# 1983 Cabriolet sitting 10 years. Where do I start?



## Joyrider76 (Apr 30, 2013)

I swapped out the cap/condenser/plugs/wires. Sprayed WD40 into the spark plug holes and turned it over by hand a few dozen times. I don't dare turn it over. 

What's next? drop the tank to have it cleaned? How do I give the CIS the best chance of operating normally? 

Thank you so much for your greater knowledge.


----------



## HSolo (Jan 20, 2010)

Here is a list of what I would do: 
1. Buy either a Bentley manual or Poor Richard's How to keep your vw rabbit alive for the complete idiot. Or better get both. 
2. Read the above books thoroughly. 

(take a moment and disconnect the battery) 

3. Always, always start from the fuel tank and work forward. Ask me how I know then be prepared for a novel. 
4. Drain what is now water and varnish from your tank by; 
a) syphoning through the inspection hatch if you have a lift pump and the return/recirc box. 
b) draining via pump suction line if you have the gravity fed pump. 
c) being really stupid like me many moons ago and suck it out with a shop vac. (fuel vapour and open spark should not be in the same garage!!! Why I wasn't blown to Timbuktu I will never know) 
5. Look through the inspection hatch with a light and mirror and decide if you should drop the rear beam and tank to really clean all that sludge and rust out of there. 
6. If leaving in place I suggest using kerosene or fresh gas to swish/stir around the tank. Drain. Lather, rinse, repeat. Then with a rag on the end of a stick and wipe until clean. 
7. Under the car let go supply (at pump) and return (at tank or recirc box) fuel lines. Do the same up in the bay. Now blow back through the bay end with compressed air or lung power to prove the lines free. Hook everything back up. 
8) Refresh fuel filter. Heck, refreshing all fluids and filters (and belts) is another great first step. 
9) If your happy with the cleanliness of the fuel system up to here fill her up with some fresh supreme go juice. 
10) Reconnect the battery. Place a friend next to the fuel pump so he/she can listen and feel what it's doing. Turn the key to "on". The pump should make a little whirring sound and feel cool to the touch. If it doesn't make a sound and/or it starts to warm up turn the key to "off". 
11) If your helper gave the thumbs up try to start the car. 

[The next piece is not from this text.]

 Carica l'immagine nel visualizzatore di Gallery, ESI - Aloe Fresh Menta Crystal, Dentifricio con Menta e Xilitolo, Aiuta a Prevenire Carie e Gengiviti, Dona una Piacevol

That should be enough to occupy you for a bit. If the ol'girl didn't fire up or the pump wasn't working...read the above books...or ask here again. 

And.....because it will be suggested at some point. 

Search is your friend, google cis troubleshooting there is a lot of info to be had. I personally like timbob's tech notes.


----------



## Joyrider76 (Apr 30, 2013)

Awesome. This is precisely what I was looking for. I have the Bentley manual and experience on other cars/systems. No fuel injection to speak of though. 

I'll go ahead and drop the tank and have it soaked/coated. 

Thank you so much!


----------



## HSolo (Jan 20, 2010)

Glad I could be some help....first time for everything I guess. 

The system is all about having the correct pressure, rigging up a pressure gauge with a shut off valve as a tester will be invaluable. With that and a multimeter you can troubleshoot most anything. I found that Poor Richards book the most easy and clear to follow. From my experience cis hates 4 things: sitting for too long, dirt, unmetered air and vacuum leaks. Sitting too long gums the fi system up. In particular there is a plunger/piston in the metering head/fuel distributor that should rise and fall with the air flow plate. If the plunger sticks or doesn't move freely (read: dirty old gas) you won't go. If your getting pressure up to the fuel filter but a pulled injector dribbles or doesn't spray at all when lifting the air flow plate this could be the culprit. Sometimes a tap with drift or rubber mallet on top of the fd will free it up. The tech-notes I mentioned have an excellent write up on the cleaning procedure. Never split the two halves of the metering head......take it off the base but don't split the two cast halves.....and DON'T drop the plunger. (Some have successfully split and rebuilt the head but it is not for the faint of heart) 

The volume of fuel to the injectors is dependent on the amount the intake vacuum can lift the air flow plate. Tears/cracks in the intake piping boots can reduce this vacuum while letting in unmetered air resulting in a lean mix. 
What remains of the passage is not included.